Requirement: Omit the pictures and reproduce the rest of the listing exactly.
(Beginning of Raw data)
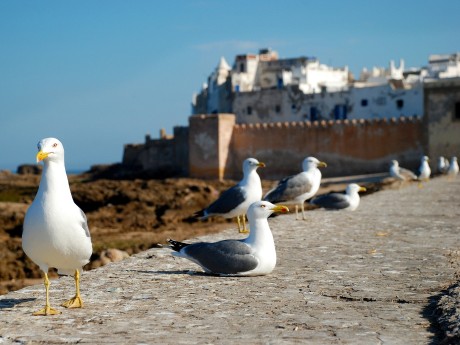 Essaouira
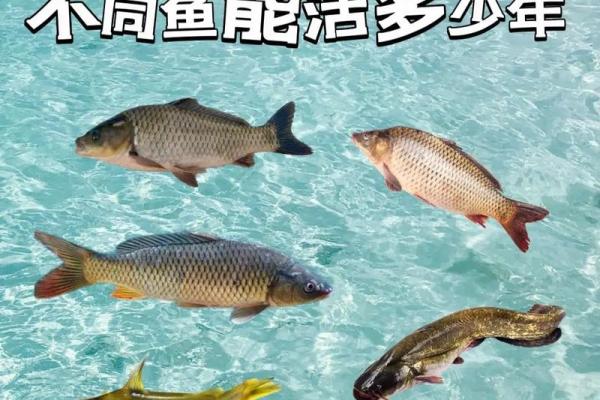 属狗水命人适合养什么鱼?鱼儿相伴,幸福相随! 属狗水命人适合养什么鱼?鱼儿相伴,幸福相随!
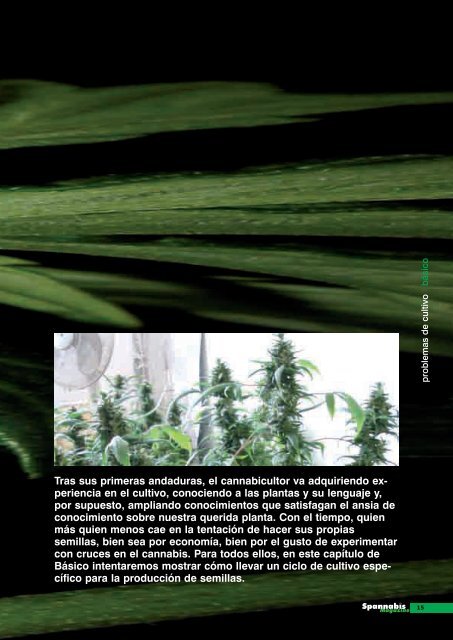 EL RINCÓN de - Cannabis Magazine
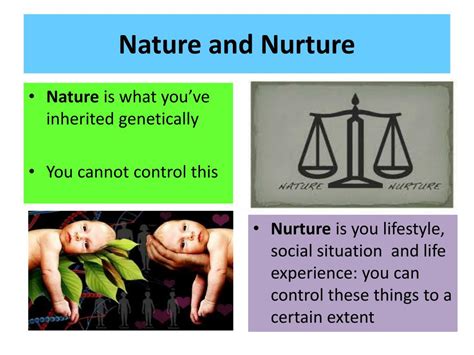 Ppt Nature And Nurture Powerpoint Presentation Free Download Id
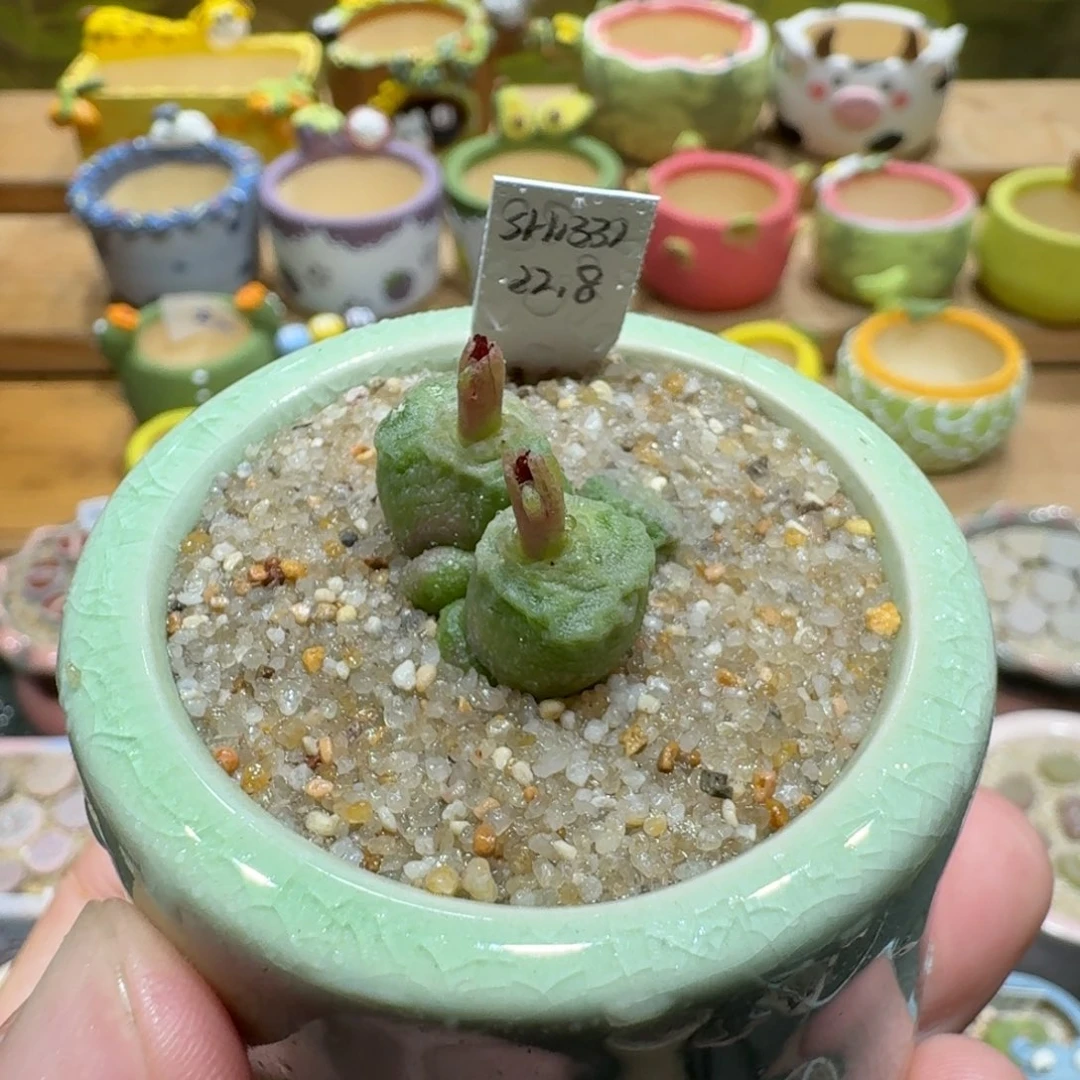蘑菇1174烧麦彩拼多肉植物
(End of Raw data)
Output:
 Essaouira
 属狗水命人适合养什么鱼?鱼儿相伴,幸福相随! 属狗水命人适合养什么鱼?鱼儿相伴,幸福相随!
 EL RINCÓN de - Cannabis Magazine
 Ppt Nature And Nurture Powerpoint Presentation Free Download Id
蘑菇1174烧麦彩拼多肉植物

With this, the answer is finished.